Information provided:

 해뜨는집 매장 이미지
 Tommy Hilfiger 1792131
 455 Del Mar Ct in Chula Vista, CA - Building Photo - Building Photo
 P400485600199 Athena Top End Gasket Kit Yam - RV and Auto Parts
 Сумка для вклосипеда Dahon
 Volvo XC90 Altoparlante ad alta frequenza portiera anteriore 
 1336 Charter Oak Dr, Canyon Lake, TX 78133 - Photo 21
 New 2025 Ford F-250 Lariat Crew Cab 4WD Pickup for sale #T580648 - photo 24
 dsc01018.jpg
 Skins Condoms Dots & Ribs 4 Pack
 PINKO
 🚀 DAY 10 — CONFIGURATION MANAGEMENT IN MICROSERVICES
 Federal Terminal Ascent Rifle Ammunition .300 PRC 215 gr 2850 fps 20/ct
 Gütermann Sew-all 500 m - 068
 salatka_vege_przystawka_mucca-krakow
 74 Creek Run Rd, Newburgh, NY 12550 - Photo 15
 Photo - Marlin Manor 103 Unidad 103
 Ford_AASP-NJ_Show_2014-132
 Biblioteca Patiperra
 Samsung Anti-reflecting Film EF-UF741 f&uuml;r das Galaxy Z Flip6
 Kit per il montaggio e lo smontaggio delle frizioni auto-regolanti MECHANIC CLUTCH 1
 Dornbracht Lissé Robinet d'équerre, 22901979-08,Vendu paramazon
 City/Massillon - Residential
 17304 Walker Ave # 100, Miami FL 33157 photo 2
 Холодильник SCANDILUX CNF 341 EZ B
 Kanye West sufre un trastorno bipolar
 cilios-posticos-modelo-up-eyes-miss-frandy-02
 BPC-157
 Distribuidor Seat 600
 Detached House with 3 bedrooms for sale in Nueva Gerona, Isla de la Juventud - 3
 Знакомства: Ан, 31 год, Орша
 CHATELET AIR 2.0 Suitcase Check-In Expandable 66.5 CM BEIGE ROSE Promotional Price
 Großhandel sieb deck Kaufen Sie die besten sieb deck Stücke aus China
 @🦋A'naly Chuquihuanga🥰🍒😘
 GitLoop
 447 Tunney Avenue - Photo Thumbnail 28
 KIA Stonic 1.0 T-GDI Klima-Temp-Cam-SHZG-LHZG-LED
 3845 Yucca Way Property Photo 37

Task description:
Please state how many lines in the preceding material contain the word "sale", with no other output.

Response box:
2